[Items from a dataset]
════

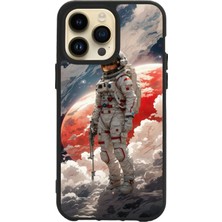 Apple iPhone 15 Pro Siyah Silikon Kılıf Çiziklere ve Darbelere Karşı Koruma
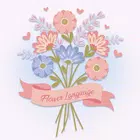 DIY Flower Language Wallpaper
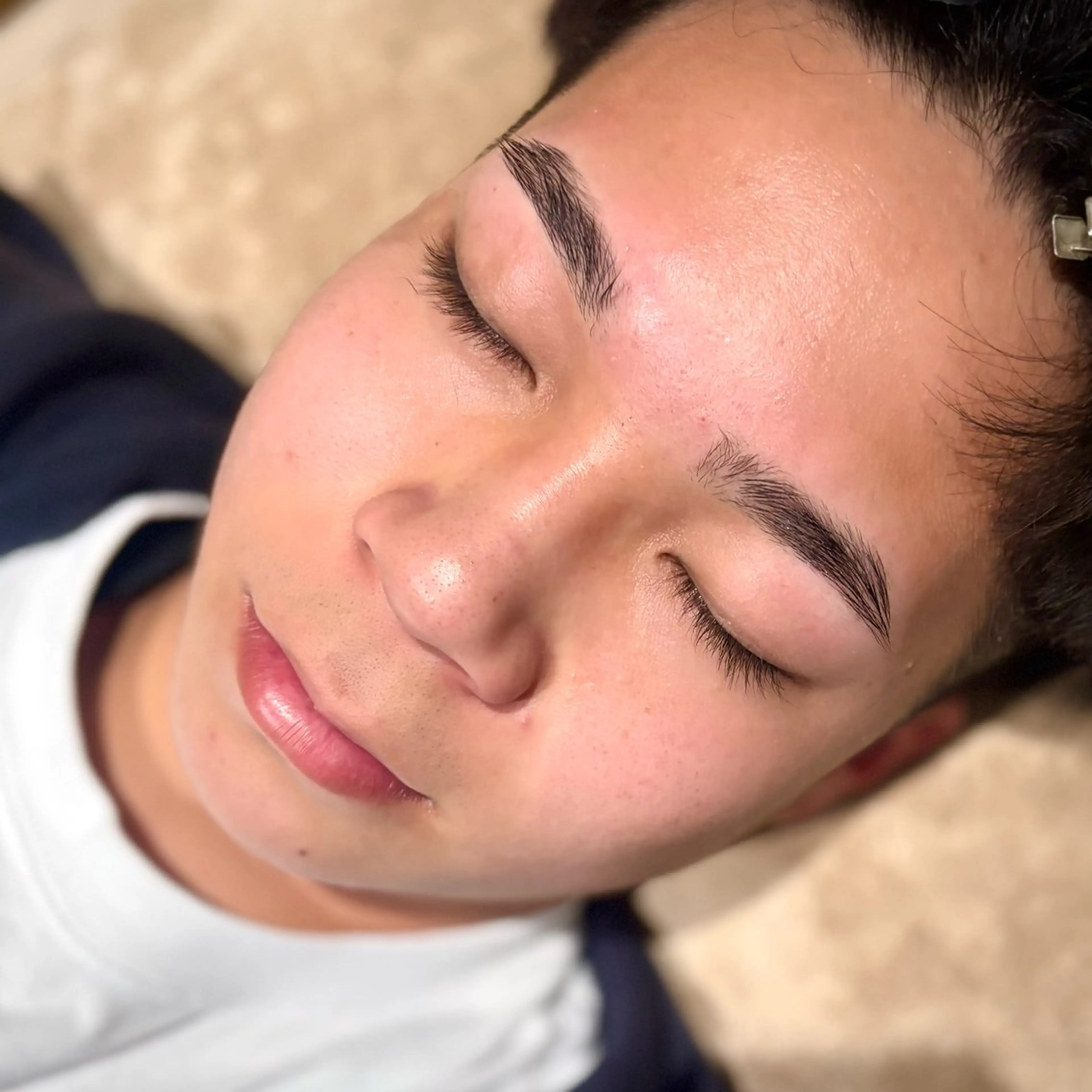 作りすぎないメンズブロウマッピング✨の写真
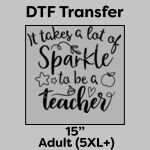 DTF Transfer 15" Thumbnail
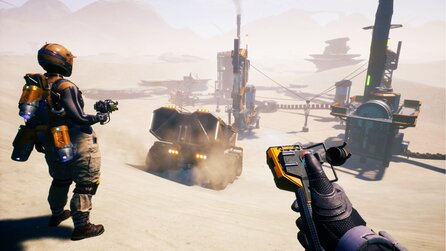 Satisfactory - SciFi-Aufbau-Simulation aus der Ego-Perspektive angekündigt, Gameplay-Trailer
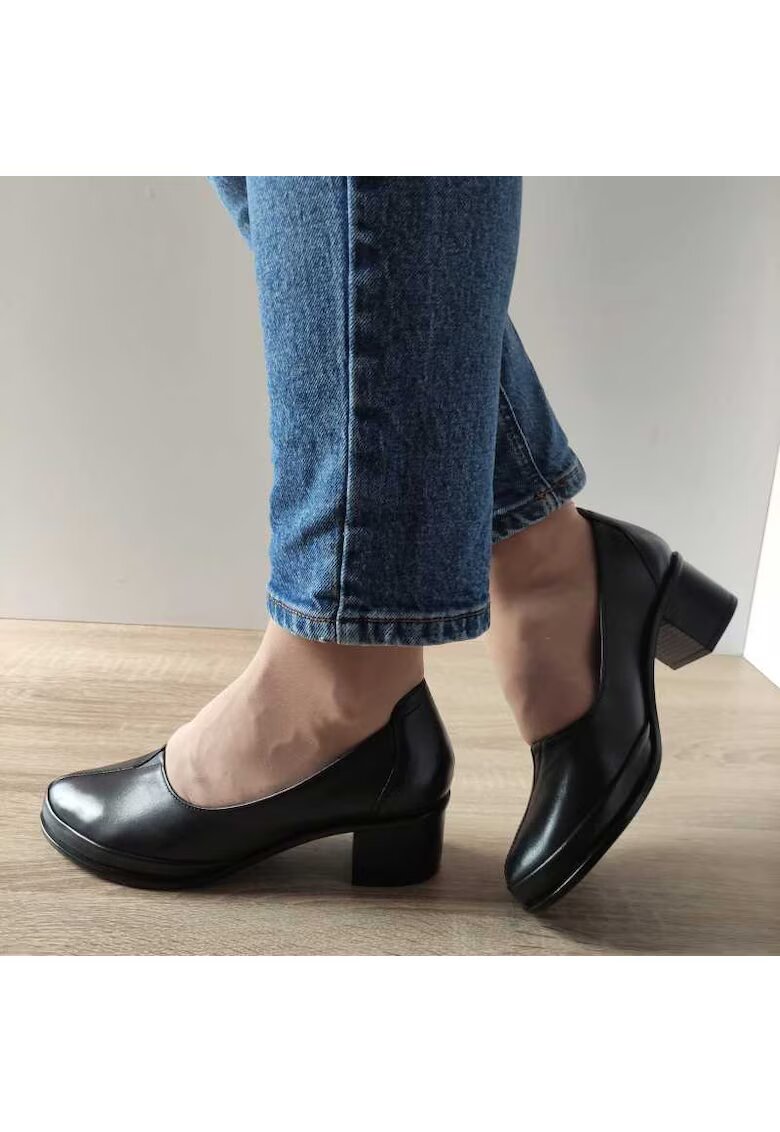 Nicolis Ежедневни дамски обувки 120409 Black - черни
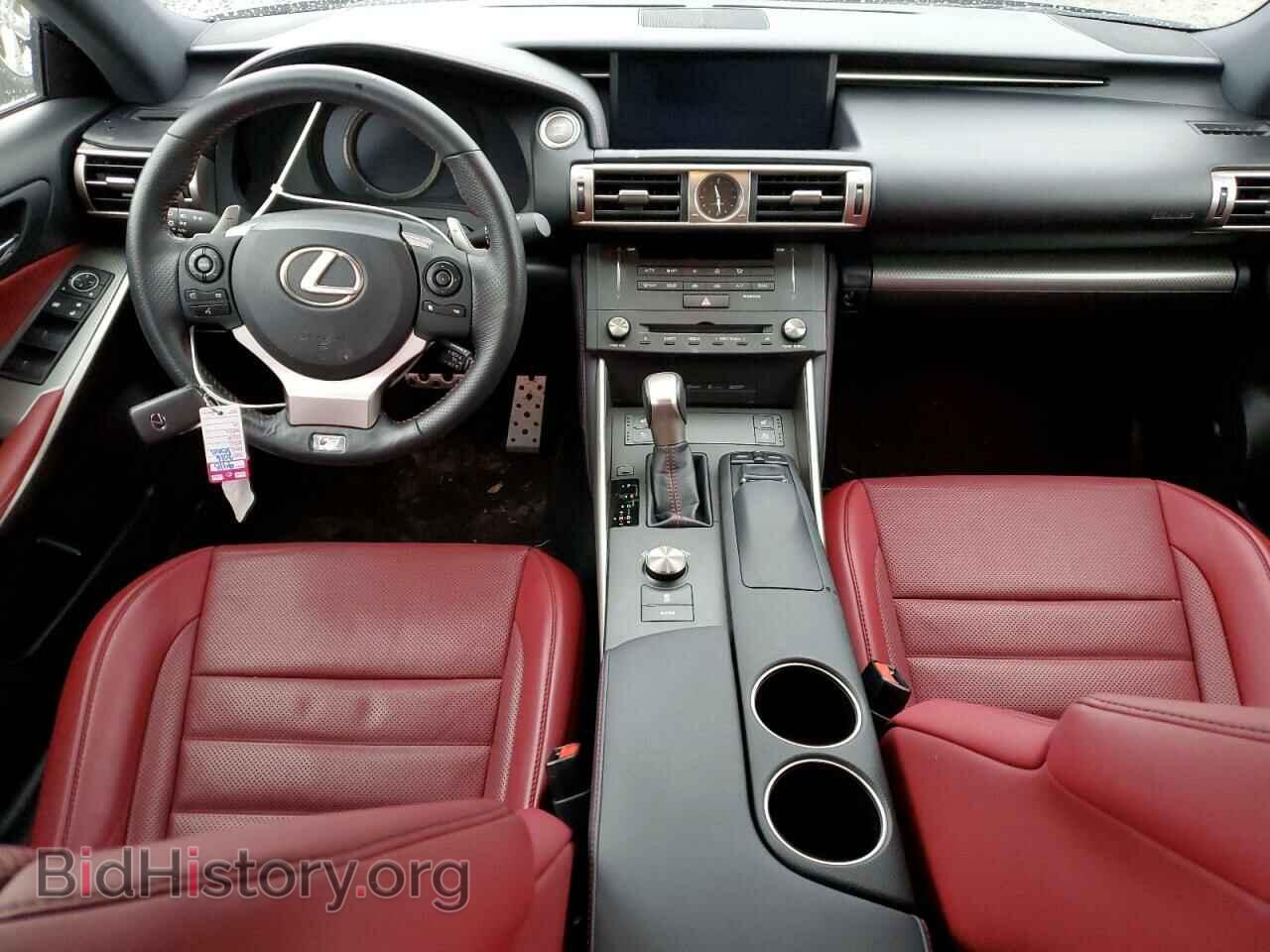 2016 LEXUS IS - VIN: JTHBA1D2XG5005077 - Фото 8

════

What this task involves –
Produce an exact copy of the lines from the line containing "作りすぎないメンズブロウマッピング✨の写真" through the last line of the records, with no pictures and no other text.

Exercise answer –
 作りすぎないメンズブロウマッピング✨の写真
 DTF Transfer 15" Thumbnail
 Satisfactory - SciFi-Aufbau-Simulation aus der Ego-Perspektive angekündigt, Gameplay-Trailer
 Nicolis Ежедневни дамски обувки 120409 Black - черни
 2016 LEXUS IS - VIN: JTHBA1D2XG5005077 - Фото 8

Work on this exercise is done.